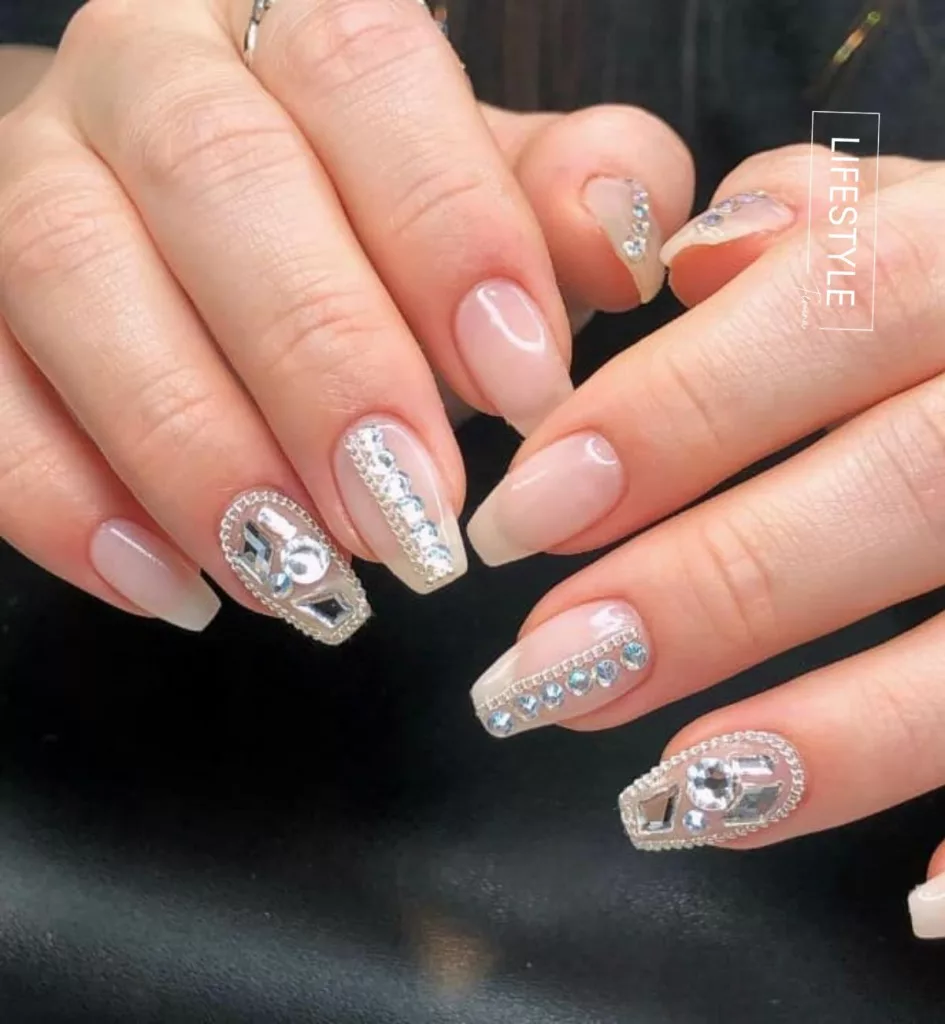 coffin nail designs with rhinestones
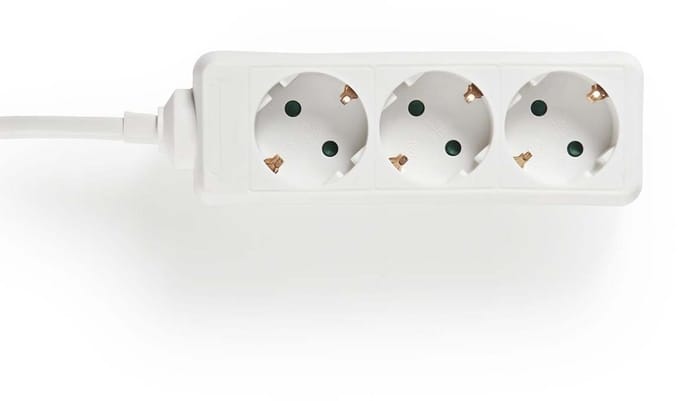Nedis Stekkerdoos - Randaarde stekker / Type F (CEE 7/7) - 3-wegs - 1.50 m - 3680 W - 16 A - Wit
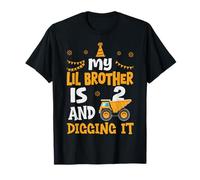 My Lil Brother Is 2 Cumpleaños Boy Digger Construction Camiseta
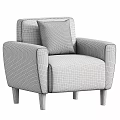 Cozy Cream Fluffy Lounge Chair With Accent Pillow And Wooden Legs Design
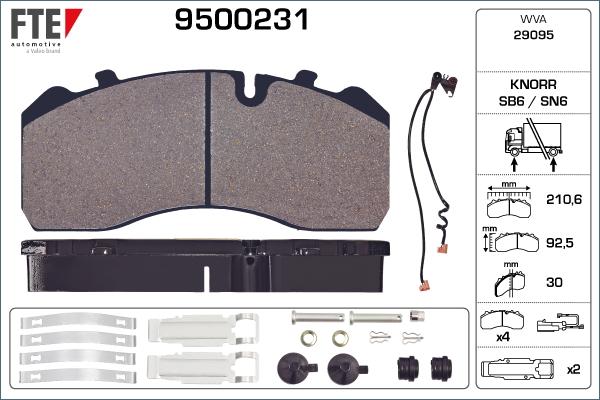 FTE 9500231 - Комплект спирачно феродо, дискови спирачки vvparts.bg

# [WHAT IS EXPECTED]
Print the whole listing above once more, word for word, without its pictures.

# [WRITTEN SOLUTION]
 coffin nail designs with rhinestones
Nedis Stekkerdoos - Randaarde stekker / Type F (CEE 7/7) - 3-wegs - 1.50 m - 3680 W - 16 A - Wit
 My Lil Brother Is 2 Cumpleaños Boy Digger Construction Camiseta
 Cozy Cream Fluffy Lounge Chair With Accent Pillow And Wooden Legs Design
 FTE 9500231 - Комплект спирачно феродо, дискови спирачки vvparts.bg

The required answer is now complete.